Marcel Winatschek

Mike Judge Goes to the Valley

Startups fascinate me in a specific way that has nothing to do with money. Not the conference-circuit kind—the blazer-and-deck people pitching photo-sharing apps with a straight face—but the actual basement-nerd kind, the ones genuinely convinced they have something real, something that could change how everything works. That particular delusion, the grandiose and the sincere packed together, is hard to portray honestly.

Mike Judge’s Silicon Valley gets it right from the first episode. Richard Hendricks and his small group of geeks have accidentally built a lossless compression algorithm that could be genuinely world-altering, and suddenly everyone wants a piece of them—venture capitalists, tech billionaires, Steve Jobs disciples with the social skills of a medieval siege engine. The show understands that the Valley’s true absurdity isn’t the technology; it’s the ecosystem of sycophants, ego, and messianic self-regard that grew up around it.

The pilot, "Minimum Viable Product," hooked me completely. There’s a party scene early on, at a tech mogul’s mansion, where motivational phrases are projected onto the walls and an artist performs an original song he wrote about the company—and it’s played so straight that you need a second to check if it’s a joke. It isn’t, and that’s exactly the point.
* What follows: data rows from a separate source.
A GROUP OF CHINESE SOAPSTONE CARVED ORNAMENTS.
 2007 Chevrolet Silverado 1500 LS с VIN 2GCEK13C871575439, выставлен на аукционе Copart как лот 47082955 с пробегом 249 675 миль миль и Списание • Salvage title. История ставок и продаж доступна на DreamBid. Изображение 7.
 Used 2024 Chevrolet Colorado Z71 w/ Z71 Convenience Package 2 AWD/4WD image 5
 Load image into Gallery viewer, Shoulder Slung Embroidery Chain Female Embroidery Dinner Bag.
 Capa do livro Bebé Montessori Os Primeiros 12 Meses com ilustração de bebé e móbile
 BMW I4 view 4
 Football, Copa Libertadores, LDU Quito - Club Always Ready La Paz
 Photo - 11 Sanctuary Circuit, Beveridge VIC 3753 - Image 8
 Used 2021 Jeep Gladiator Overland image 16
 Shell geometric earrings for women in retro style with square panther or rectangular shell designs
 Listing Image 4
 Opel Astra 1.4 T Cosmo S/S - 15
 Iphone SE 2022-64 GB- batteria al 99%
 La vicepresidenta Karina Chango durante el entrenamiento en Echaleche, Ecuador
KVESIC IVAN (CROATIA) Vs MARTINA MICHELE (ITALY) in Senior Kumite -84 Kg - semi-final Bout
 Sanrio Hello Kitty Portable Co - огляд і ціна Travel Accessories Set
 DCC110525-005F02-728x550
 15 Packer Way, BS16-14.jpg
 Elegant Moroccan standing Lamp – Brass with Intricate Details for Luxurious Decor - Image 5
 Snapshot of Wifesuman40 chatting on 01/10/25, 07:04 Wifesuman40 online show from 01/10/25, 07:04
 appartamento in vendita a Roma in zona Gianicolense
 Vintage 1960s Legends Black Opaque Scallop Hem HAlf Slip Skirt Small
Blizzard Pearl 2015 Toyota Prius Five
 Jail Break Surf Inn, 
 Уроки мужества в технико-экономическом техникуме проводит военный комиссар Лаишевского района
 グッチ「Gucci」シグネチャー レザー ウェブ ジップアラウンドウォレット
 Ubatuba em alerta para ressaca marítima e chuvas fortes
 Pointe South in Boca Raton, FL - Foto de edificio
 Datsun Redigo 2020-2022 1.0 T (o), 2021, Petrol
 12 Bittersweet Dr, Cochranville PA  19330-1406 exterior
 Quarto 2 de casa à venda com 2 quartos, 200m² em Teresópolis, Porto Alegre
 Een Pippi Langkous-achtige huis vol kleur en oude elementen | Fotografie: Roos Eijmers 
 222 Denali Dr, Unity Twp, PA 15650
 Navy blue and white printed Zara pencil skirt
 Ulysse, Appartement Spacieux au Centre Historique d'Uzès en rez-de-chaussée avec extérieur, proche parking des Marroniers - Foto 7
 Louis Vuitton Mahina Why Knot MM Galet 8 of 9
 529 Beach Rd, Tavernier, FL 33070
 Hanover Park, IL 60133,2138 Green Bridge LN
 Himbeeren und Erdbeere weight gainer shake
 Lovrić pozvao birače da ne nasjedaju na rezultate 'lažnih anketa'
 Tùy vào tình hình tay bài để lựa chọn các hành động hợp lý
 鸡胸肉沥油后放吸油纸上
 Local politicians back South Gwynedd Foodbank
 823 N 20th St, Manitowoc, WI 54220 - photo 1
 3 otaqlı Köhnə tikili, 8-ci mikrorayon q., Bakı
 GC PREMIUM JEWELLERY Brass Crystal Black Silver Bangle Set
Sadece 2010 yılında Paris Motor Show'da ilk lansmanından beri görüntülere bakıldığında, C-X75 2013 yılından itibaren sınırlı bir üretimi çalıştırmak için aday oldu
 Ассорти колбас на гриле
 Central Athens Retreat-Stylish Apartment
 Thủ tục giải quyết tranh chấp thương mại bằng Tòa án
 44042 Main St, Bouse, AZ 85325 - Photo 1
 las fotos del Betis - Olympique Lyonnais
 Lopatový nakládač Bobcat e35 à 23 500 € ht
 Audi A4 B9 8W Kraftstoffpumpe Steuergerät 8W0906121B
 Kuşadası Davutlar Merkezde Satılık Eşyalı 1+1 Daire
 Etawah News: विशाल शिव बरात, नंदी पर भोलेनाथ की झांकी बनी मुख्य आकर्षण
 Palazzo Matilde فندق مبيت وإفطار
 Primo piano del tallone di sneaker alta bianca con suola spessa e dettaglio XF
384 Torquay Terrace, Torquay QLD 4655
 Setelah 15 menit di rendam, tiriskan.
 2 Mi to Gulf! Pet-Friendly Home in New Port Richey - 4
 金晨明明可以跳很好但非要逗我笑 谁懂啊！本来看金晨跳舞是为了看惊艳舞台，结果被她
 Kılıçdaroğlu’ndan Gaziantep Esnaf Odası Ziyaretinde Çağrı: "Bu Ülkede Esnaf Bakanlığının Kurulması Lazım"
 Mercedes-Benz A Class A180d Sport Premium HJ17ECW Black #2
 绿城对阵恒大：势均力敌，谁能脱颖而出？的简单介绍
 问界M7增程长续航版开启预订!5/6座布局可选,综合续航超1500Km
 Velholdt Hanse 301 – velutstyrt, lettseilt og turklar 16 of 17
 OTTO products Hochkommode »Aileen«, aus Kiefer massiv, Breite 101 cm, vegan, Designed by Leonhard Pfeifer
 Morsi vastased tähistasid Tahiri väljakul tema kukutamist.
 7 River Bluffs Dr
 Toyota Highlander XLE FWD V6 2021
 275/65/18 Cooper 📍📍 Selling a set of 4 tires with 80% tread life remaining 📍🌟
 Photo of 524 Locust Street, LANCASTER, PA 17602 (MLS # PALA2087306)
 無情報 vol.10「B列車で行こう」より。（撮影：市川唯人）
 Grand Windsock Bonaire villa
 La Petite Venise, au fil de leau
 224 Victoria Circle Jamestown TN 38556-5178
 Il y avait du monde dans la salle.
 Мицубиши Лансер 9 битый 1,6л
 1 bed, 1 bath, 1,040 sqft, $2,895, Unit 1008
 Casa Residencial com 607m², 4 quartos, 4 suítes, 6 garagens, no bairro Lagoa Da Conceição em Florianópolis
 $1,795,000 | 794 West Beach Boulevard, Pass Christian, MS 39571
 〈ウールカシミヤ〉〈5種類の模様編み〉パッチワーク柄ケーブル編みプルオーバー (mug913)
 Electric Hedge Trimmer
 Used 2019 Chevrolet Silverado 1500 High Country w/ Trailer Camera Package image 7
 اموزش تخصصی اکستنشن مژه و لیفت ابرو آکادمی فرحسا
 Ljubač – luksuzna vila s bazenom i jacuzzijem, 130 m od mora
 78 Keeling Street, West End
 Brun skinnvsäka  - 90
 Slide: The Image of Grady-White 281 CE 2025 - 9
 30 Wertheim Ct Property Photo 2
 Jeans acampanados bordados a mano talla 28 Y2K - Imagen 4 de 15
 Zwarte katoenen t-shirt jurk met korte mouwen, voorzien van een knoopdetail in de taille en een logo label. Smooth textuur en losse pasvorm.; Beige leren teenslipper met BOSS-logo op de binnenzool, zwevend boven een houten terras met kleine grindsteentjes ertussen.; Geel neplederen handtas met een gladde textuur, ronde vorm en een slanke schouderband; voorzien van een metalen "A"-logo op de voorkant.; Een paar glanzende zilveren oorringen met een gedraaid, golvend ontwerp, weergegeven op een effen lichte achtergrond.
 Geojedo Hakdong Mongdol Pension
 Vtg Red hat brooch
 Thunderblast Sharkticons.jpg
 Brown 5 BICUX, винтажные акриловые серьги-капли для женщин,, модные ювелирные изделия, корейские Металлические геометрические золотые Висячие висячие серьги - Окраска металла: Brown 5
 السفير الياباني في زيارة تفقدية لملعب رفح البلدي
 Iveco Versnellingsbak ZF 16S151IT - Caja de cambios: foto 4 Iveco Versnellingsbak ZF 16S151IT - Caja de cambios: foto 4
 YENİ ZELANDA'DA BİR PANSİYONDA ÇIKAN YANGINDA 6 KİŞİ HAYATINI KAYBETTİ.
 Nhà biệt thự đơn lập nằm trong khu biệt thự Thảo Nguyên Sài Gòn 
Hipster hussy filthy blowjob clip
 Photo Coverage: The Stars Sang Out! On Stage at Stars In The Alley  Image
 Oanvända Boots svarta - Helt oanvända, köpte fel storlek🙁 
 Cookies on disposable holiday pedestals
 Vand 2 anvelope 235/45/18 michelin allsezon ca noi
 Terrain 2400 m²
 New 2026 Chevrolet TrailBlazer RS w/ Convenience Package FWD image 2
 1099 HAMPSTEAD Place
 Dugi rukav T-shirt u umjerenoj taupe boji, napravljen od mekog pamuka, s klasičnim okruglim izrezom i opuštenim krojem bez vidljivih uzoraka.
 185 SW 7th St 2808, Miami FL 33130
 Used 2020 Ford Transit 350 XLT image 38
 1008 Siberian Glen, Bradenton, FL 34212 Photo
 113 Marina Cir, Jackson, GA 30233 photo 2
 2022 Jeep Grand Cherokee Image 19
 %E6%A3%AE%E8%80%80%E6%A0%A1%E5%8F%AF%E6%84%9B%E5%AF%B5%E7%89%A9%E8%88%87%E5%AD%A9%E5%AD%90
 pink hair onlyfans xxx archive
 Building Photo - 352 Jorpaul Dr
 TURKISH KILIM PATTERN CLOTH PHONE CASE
Judge spent enough time around actual Silicon Valley culture to understand that the parody barely has to exaggerate.

I’d been waiting for a show that treated this world as the ripe target it is, that didn’t confuse tech wealth with wisdom or frame its nerds as sympathetic just because they’re awkward. Game of Thrones was back around the same time and I was glad about that too, but Silicon Valley felt more immediate—a show about a specific strain of American delusion that was very much ongoing and showing no signs of stopping.